Compiling instructions

To compile instructions the VM walks through the syntax tree generated by the parser and builds up a linked list. This linked list includes both instructions and operands. This is why when you look at the disassembly, you can see that the numbers on the left-hand side are not sequential: they are counting operands as well.
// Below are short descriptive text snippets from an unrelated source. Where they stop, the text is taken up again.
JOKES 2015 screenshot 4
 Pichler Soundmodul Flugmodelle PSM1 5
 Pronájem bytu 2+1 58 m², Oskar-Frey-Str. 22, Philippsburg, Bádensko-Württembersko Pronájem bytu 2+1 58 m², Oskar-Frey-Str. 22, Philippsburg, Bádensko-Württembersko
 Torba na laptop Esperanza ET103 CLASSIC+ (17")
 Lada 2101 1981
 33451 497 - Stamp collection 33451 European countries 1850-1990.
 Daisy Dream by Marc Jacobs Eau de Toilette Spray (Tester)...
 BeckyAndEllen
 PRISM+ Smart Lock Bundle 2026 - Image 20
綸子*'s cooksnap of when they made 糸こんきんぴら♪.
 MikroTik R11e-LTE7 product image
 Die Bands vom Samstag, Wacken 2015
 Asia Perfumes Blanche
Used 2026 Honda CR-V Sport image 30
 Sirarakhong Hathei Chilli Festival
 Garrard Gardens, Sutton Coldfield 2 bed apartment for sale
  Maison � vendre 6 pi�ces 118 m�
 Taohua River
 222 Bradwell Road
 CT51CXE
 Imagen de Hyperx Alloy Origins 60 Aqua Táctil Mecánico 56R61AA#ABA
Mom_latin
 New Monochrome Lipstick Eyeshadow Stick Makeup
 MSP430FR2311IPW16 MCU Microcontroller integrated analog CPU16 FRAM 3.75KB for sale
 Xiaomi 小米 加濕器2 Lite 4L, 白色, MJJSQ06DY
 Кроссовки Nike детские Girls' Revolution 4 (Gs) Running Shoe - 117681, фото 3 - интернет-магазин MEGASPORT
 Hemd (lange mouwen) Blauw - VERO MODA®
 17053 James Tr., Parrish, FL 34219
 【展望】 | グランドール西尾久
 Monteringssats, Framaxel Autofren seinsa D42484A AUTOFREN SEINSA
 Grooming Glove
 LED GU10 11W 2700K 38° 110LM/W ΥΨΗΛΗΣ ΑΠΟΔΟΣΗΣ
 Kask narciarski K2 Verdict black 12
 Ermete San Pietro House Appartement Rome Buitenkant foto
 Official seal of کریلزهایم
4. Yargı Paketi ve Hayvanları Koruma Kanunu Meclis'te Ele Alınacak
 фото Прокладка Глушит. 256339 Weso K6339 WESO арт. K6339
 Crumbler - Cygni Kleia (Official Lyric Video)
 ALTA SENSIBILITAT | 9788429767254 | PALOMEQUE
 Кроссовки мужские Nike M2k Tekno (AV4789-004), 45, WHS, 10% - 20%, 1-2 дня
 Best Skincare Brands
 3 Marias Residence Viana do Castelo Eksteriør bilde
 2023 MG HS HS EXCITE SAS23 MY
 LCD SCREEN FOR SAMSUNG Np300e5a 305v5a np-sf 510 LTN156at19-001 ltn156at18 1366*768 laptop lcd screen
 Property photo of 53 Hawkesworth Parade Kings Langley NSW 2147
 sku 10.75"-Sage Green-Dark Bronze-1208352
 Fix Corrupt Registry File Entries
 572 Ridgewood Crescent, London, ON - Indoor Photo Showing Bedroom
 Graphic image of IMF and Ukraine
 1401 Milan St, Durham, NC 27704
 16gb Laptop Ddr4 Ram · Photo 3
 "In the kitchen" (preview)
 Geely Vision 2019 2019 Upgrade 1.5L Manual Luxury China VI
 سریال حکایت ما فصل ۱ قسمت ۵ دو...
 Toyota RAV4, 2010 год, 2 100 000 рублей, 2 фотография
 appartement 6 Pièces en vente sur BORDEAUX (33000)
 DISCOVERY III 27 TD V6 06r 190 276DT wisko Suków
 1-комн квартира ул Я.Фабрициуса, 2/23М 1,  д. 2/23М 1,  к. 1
This linked list allows the VM to perform various optimizations while it is being compiled. For example, we looked at the opt_str_uminus instruction when we were looking at send specializations. This changes a putstring + send sequence of instructions into a single opt_str_uminus instruction. This optimization changes the number of instructions in the list. A linked list structure allows this to happen more easily than in an array because nothing needs to be copied to perform the removal.

There is one other kind of object that can be an entry in the linked list: a label. Labels are locations in an instruction sequence that other instructions are allowed to branch to. You don’t see them in the disassembly because when the VM compiles the instructions into an array, they are no longer necessary.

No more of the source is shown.